Se i morti parlano e dall’oltretomba si mettono finanche a intestare i terreni ad altri, allora il tranello sui Fondi Ue è dietro l’angolo. Ancora una volta, in Basilicata, la Guardia di Finanza ne ha scoperto un altro e il buco erariale ai danni della Comunità europea è stato confermato anche in Appello: 36mila e 872euro di finanziamenti comunitari indebitamente percepiti. Questa la cifra che Antonello Verdone aveva incassato relativamente agli anni 2011, 2012 e 2013 per accesso al Fondo europeo agricolo di Garanzia tramite l’Ente statale italiano, Agenzia per le erogazioni in agricoltura (Agea). In Appello confermata la sentenza della Corte dei Conti di Basilicata così come emessa l’anno scorso.
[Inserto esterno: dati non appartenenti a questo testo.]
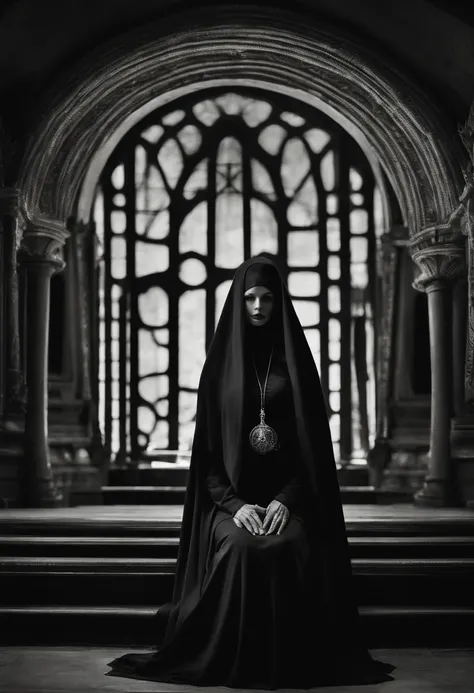 nun sexy/H. G. Giger style/ dark.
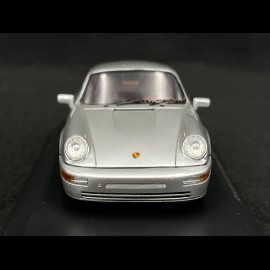 Porsche 911 type 964 Carrera 1990 silbergrau 1/43 Spark MAP02020714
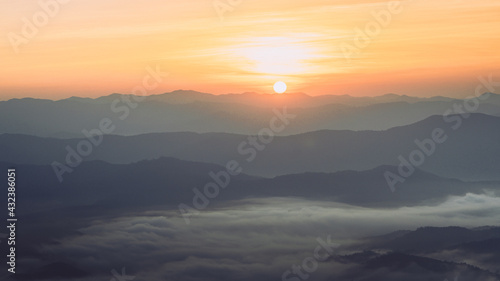 sunset in the mountains © adirak
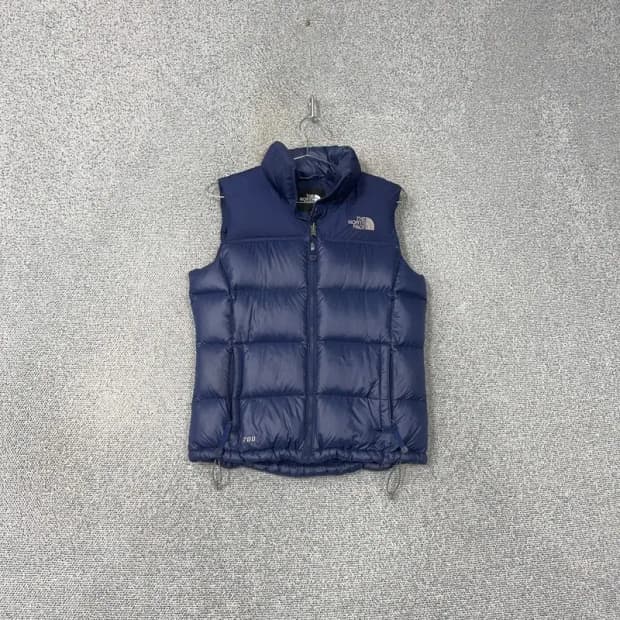 노스페이스 눕시 700 네이비 패딩 조끼 85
Il finanziamento Ue era relativo alla coltivazione di alcuni terreni, siti in agro di Stigliano, dichiarati da Verdone, «attraverso autocertificazione», come posseduti e personalmente condotti a titolo di “comodato verbale gratuito”. La circostanza, però, risultò totalmente smentita dalle indagini della Guardia di Finanza. Non solo i proprietari indicati nella dichiarazione non «corrispondevano a quelli indicati in catasto, dove i terreni risultano di proprietà altrui o in comproprietà con altri soggetti», ma soprattutto risultavano «deceduti in data anteriore a quella di decorrenza della conduzione, 1° gennaio 2011, attestata dal produttore». Nello specifico, i decessi risalgono al 2007 e al 2008. Le irregolarità delle dichiarazioni, quindi, non riguardavano tanto, o solo, la sostenuta conduzione dei terreni in virtù di contratti verbali, ma la loro «fittizietà» suffragata dagli atti anagrafici e catastali acquisiti dal Nucleo di Polizia Tributaria della GdF. Per i giudici contabili, di conseguenza, ineccepibile la responsabilità di Verdone per condotta «dolosamente orientata» alla indebita percezione del contributo comunitario. Verdone, da parte sua, ha rilevato come già l’Agea avesse a lui chiesto, in autotutela, la restituzione di oltre 6mila euro. In Appello, tuttavia, è stata ritenuta nuovamente infondata la doglianza poichè l’attività di recupero da parte dell’amministrazione «non preclude l’esercizio dell’azione contabile».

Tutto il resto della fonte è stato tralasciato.